Accomplissez mes vœux, charmant objet que j'aime;
Que ce lieu pour nous deux soit à jamais le même,
Le vrai temple de l'Amitié.

134. DE LA MARGRAVE DE BAIREUTH.

(Baireuth) 19 septembre 1743.



Mon très-cher frère,

J'aurais bien de la peine à vous exprimer toutes les passions qui m'agitent; celles de la plus parfaite tendresse, de la plus vive reconnaissance, du regret de votre absence, de l'empressement de vous revoir, se succèdent tour à tour. Je n'aurais jamaisa fini, si je voulais vous les dépeindre, mon très-cher frère; ainsi je me fais violence pour quitter ce sujet et en passer à un autre. Nous avons fait ce que nous avons pu pour calmer la Duchesse, et votre lettre l'a un peu tranquillisée; mais une estafette arrivée hier derechef de la part des princes n'a fait que la confirmer dans ses idées.
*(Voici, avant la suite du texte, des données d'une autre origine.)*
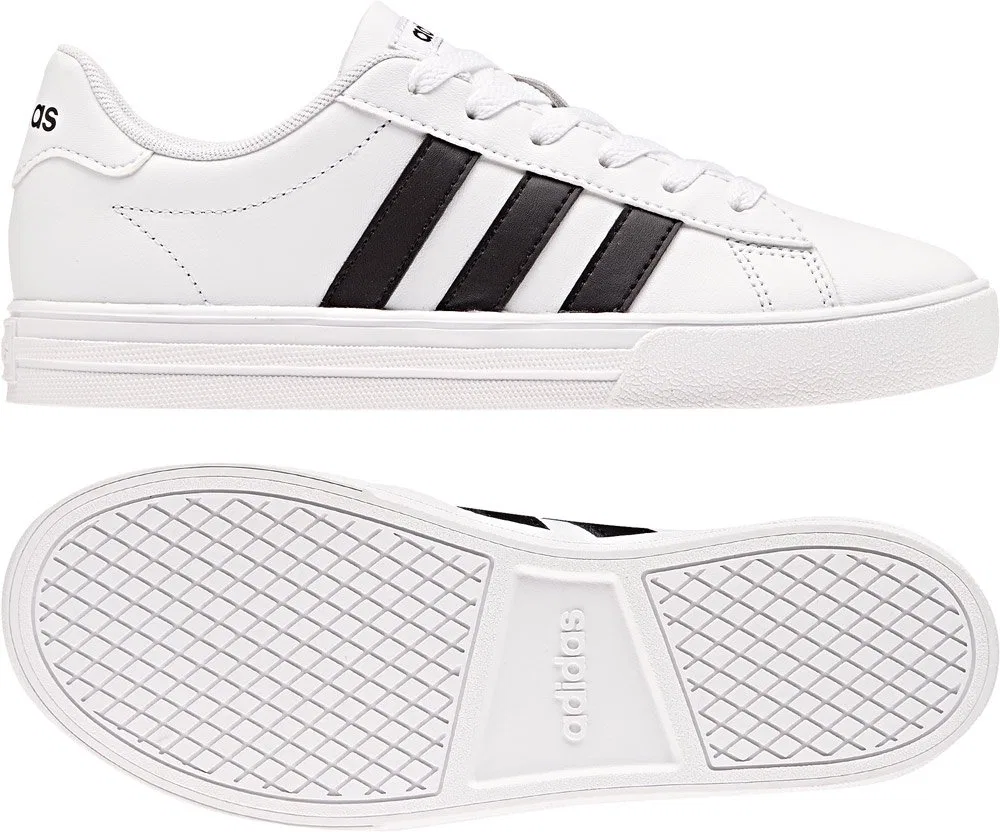 Детские кроссовки для мальчиков с низким вырезом Daily 2.0 Adidas, White Ftwwht Cblack Ftwwht — фото 2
Elle m'a fait assez remarquer qu'elle serait au désespoir de se brouiller avec vous, et souhaiterait fort que tout se finisse de bonne grâce. J'aurai l'honneur de vous en dire davantage à votre retour ici. Il est bien triste pour vous, mon très-cher frère, que vous ayez toujours à combattre des femmes. Je crains qu'à la fin elles ne vous deviennent odieuses.

Voici une lettre de Voltaire;b il est de la meilleure humeur du monde, et n'aspire, comme nous, qu'après votre retour. Je me ré-


a Le mot jamais est omis dans l'autographe.

b Voyez t. XXII, p. 163.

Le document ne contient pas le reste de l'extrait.